The record discloses that the accident occurred about 2:00 A. M. on U. S. Route 25, which was under repair but open to traffic with warning signs indicating it was not safe to drive faster than 30 miles an hour; that an automobile approaching from the opposite direction blinded Wooiey, causing him to drive off of the paved portion of the highway and strike a road roller owned by the defendantsrappellants, Hinton, Bailey and Warrick; that said roller was parked on the unimproved portion of the highway, some testimony indicating that it was seven feet and ten inches from the paved portion, and other witnesses testifying that it was not quite that far; that it was without lights, in violation of §6307-84 GC; that the berm, throughout the entire area of construction, had been worked by heavy road-building machinery and was unfit for vehicular traffic. The plaintiff was asleep at the time and was therefore unable to testify concerning the manner in which the collision occurred. Wooiey, the driver of the car, testified as follows concerning the events leading.up to the collision:

“Q. And from a point, say, a quarter of a mile north of the accident, will you describe just what happened as you approached the scene of the accident?
“A. Well, I was coming from the north, headed south, and there was a car coming from the south going north, and he had his bright lights on — I flicked down my dims, he didn’t dim, so I flicked back to bright and then back to dim again— he didn’t dim, and I was blinded and I pulled to the right side of the road, and the front wheel seemed to drop off into something soft and mucky and jerked the steering wheel out of my hands and I plowed into this roller.
“Q. Who, other than yourself, was in the car at the time?
“A. Lloyd Hartman, Jr.
“Q. Where were you sitting?
■ “A. I was on the left side of the car.
“Q. Where was Hartman?
“A. He was on the right hand side.
“Q. In the front or rear seat?
“A. In the front.
[387]*387“Q. What was Mr. Hartman doing at the time immediately before the accident?
“A. He was sleeping.
“Q. How long approximately had he been asleep?
“A. He fell asleep just outside of Wapakoneta.
“Q. Did you see any lights on the roller?
“A. No, there wasn’t any.
“Q. Did you see the roller at all before you hit it?
“A. No.”

On cross-examination, record page 65, the same witness testified:

“Q. Now, when you enter the zone ‘30 mile — slow,’ how fast were you driving?
“A. I would say I might have been doing a little more than thirty.
“Q. You were going between forty — forty-five, and higher?
“A. I didn’t look at the speed — I might have been doing thirty-five — I might have been doing forty — I don’t know.
“Q. You do know you were driving faster than thirty?
“A. I don’t know.
“Q. You say that you were blinded by the lights of an approaching car?
“A. That’s right.
“Q. And you used your foot button to warn him to dim?
“A. Yes.
“Q. And in the process you slipped into this soft muck—
“A. I didn’t slip — I just pulled over to the edge of the road too far.
“Q. Yes, you pulled off the edge of the road too far and got into that soft ground and landed against the roller?
“A. That’s correct.
“Q. You said you didn’t see a light?
“A. I said there wasn’t no light.
“Q. I say this — if there had been a light on it, the accident would have happened anyway?
“MR. GARMHAUSEN: Object.
“THE COURT: If you actually know, you may answer — if you don’t you don’t have to answer.
“A. That would be hard to say.
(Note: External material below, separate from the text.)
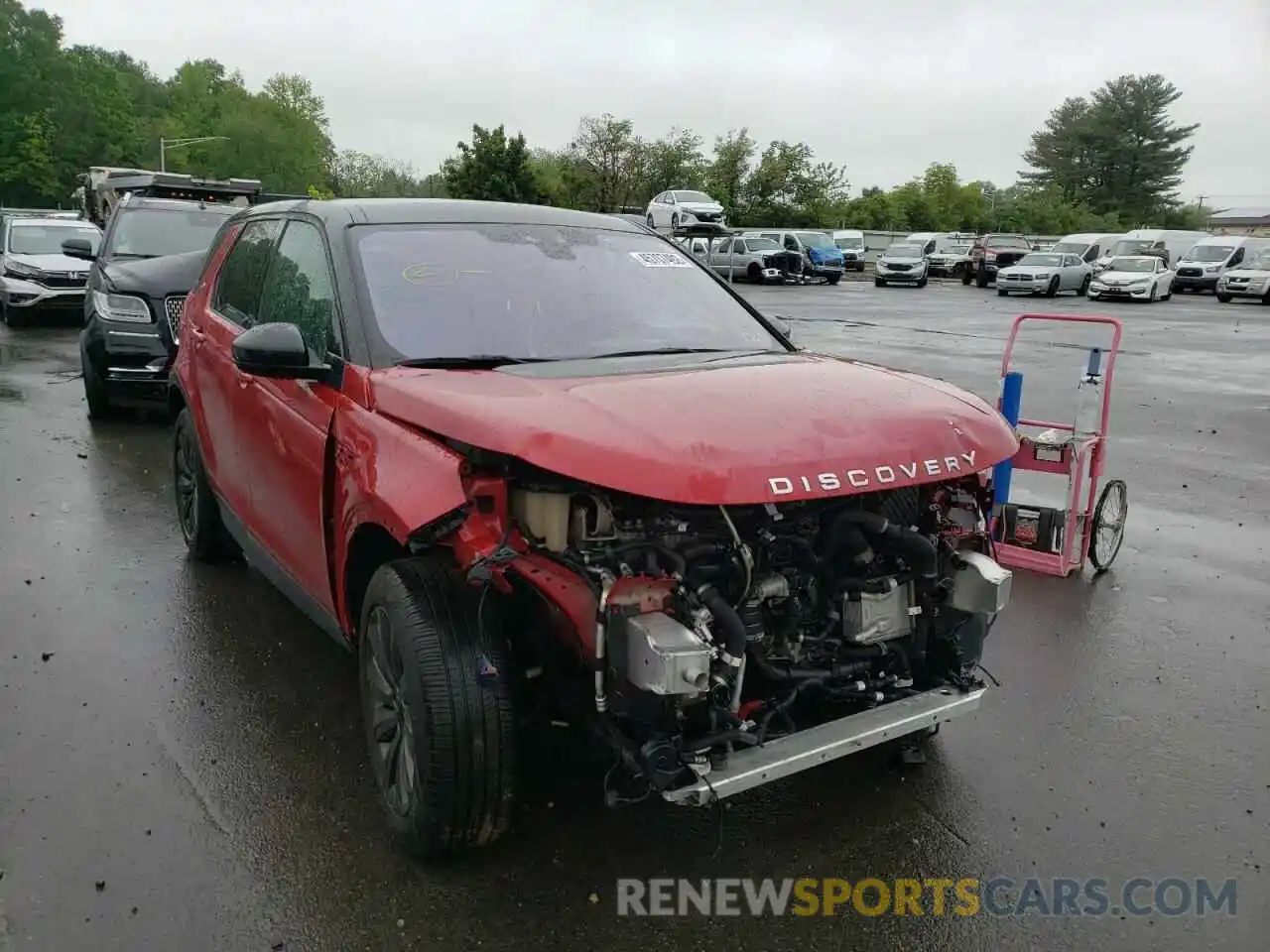 1 Photograph of a damaged car SALCJ2FX2LH839849 LAND ROVER DISCOVERY 2020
That would be a hard question to answer. If it had had lights on it, I would have saw it and possibly I may not have pulled to the right so far.
“Q. I’ll ask you if you did not say in this courtroom before ‘There could have been a light on it (referring to the road roller) and I could have hit it anyway’?
“A. That’s possible — I made that statement.
[388]*388“Q. Did you make that statement?
“A. I did.”
On redirect examination, the same witness, record page 71:
“Q. George, Mr. Forsyth asked you whether you had made this statement ‘Well, I was blinded by this car’s lights — there could have been a light on it, and I could have hit it anyway.' Now, I’ll ask you whether this is not a part of the same answer to the same question, and that the full answer reads as follows: ‘Well, I was blinded by this car’s lights — there could have been a light on it and I could have hit it anyway. I really don’t know whether I could have saw it or not’?
“MR. FORSYTH: Object.”

Objection overruled.

“Q. Is that not the whole answer that you gave to that question?
“A. Yes, sir.”

A verdict was rendered by the jury in favor of the plaintiff and judgment was duly entered thereon.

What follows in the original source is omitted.